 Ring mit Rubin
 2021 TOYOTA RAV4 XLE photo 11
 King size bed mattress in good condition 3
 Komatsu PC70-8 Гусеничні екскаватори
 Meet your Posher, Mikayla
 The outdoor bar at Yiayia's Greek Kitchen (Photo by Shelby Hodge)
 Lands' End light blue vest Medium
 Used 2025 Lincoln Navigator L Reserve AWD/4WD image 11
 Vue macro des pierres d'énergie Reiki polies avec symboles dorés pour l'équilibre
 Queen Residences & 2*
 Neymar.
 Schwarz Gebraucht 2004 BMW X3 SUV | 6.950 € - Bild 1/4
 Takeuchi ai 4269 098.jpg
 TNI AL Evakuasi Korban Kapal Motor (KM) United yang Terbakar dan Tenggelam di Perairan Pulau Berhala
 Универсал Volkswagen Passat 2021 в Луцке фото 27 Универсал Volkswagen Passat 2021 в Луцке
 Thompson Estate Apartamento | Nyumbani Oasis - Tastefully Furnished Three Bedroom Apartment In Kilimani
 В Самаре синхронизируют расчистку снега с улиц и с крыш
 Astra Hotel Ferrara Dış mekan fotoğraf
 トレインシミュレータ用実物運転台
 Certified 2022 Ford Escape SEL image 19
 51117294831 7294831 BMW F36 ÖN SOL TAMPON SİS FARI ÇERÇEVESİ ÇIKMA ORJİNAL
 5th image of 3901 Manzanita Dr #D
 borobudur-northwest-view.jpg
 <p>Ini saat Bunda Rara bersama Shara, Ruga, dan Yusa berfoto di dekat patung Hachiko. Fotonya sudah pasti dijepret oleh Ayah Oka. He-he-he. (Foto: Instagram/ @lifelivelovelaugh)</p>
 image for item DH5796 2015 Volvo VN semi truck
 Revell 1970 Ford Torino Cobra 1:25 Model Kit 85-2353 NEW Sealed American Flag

- **Activity**
Start printing at the line with "TNI AL Evakuasi" and stop after the final line of the listing above, keeping every line exact.

- **Reply to the task**
 TNI AL Evakuasi Korban Kapal Motor (KM) United yang Terbakar dan Tenggelam di Perairan Pulau Berhala
 Универсал Volkswagen Passat 2021 в Луцке фото 27 Универсал Volkswagen Passat 2021 в Луцке
 Thompson Estate Apartamento | Nyumbani Oasis - Tastefully Furnished Three Bedroom Apartment In Kilimani
 В Самаре синхронизируют расчистку снега с улиц и с крыш
 Astra Hotel Ferrara Dış mekan fotoğraf
 トレインシミュレータ用実物運転台
 Certified 2022 Ford Escape SEL image 19
 51117294831 7294831 BMW F36 ÖN SOL TAMPON SİS FARI ÇERÇEVESİ ÇIKMA ORJİNAL
 5th image of 3901 Manzanita Dr #D
 borobudur-northwest-view.jpg
 <p>Ini saat Bunda Rara bersama Shara, Ruga, dan Yusa berfoto di dekat patung Hachiko. Fotonya sudah pasti dijepret oleh Ayah Oka. He-he-he. (Foto: Instagram/ @lifelivelovelaugh)</p>
 image for item DH5796 2015 Volvo VN semi truck
 Revell 1970 Ford Torino Cobra 1:25 Model Kit 85-2353 NEW Sealed American Flag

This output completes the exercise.